Yea - if there's a particular pod that is, say leader: true or something, that could work.
It could also work if you have a special label on your metrics from one of the pods using metricRelabeling to drop the time series from other pods.
The fundamental reason we haven't supported service-based monitoring is due to scaling concerns when running Prometheus as a DaemonSet. Having every pod in a 1000 node cluster watching K8s endpoints stresses the api server.
I think you can do this with PodMonitoring by adding a specific label to one of the pods and then adding that label to the selector field in the PodMonitoring.
The pods are part of a Deployment and have the same set of labels. I think it's an anti-pattern to treat specific pods of Deployments differently. I don't want to bother myself with relabeling pods once a pod crashes or the number of replicas decreases.
It could also work if you have a special label on your metrics from one of the pods using metricRelabeling to drop the time series from other pods.
I'd also like to decrease the number of redundant readings, not just the number of samples pushed to GMP.
The fundamental reason we haven't supported service-based monitoring is due to scaling concerns when running Prometheus as a DaemonSet. Having every pod in a 1000 node cluster watching K8s endpoints stresses the api server.
I don't understand why it'd need to watch endpoints. The operator could watch services and configure Prometheus to scrape cluster IPs, couldn't it?
I don't understand why it'd need to watch endpoints.
If we wanted service-monitoring, it may be preferable to watch endpoints so we can get the service labels in addition to the pod or node (via __meta_kubernetes_endpoint_address_target_kind ) hosting the service to enrich the target relabeling we do (this is what prometheus-operator does for example).
The operator could watch services and configure Prometheus to scrape cluster IPs, couldn't it?
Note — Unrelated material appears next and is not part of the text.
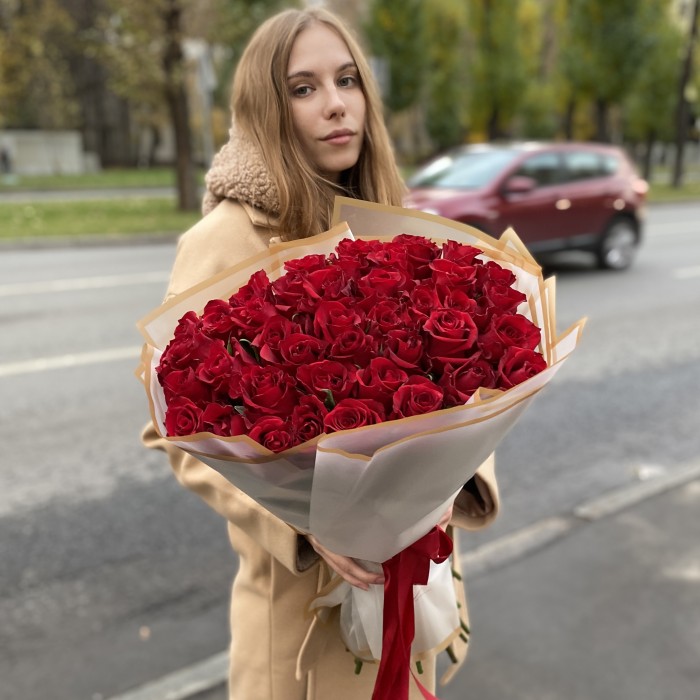 41 красная роза Эвер Ред 60 см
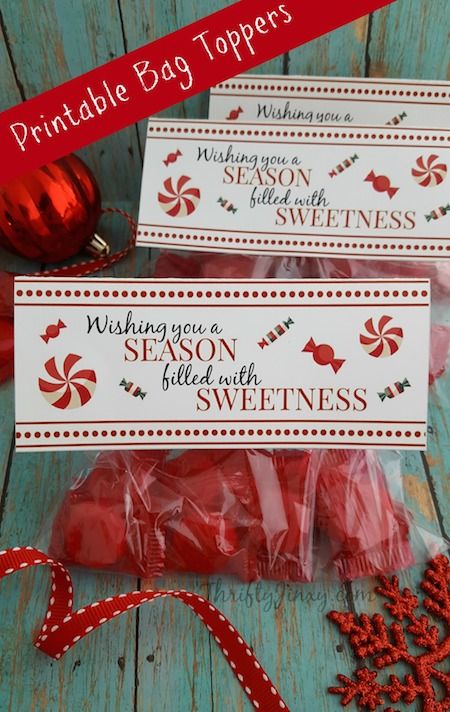 These Printable Christmas Treat Bag Toppers are a fun way to gift candy, cookies and other treats to your friends and family! Christmas Treat Bag Toppers, Christmas Candy Bar, Treat Bag Toppers, Christmas Neighbor, Christmas Treat Bags, Neighbor Christmas Gifts, Treat Toppers, Candy Crafts, Christmas Favors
Indeed, but this would essentially be folding in features of Prometheus service discovery to the operator, which would be a pretty big expansion in concerns and complexity. Not to mention the risk of OOMing the operator in larger clusters with dozens or hundreds of services (which is bad for a lot of reasons, not the least of which it being our webhook server).
This is not to say it's impossible or that we won't some day pursue this feature, but it just hasn't been high-enough priority to warrant feature development for, as most can get by with pod-level monitoring.
I had a discussion with @pintohutch regarding how to watch endpoints efficiently for service monitoring. Although it's more of a general discussion than GMP-specific, we both think others may find it helpful. So I'll post it here:
@simonpasquier @ArthurSens Please check my comment above. For more details please check my (just submitted) GSoC proposal.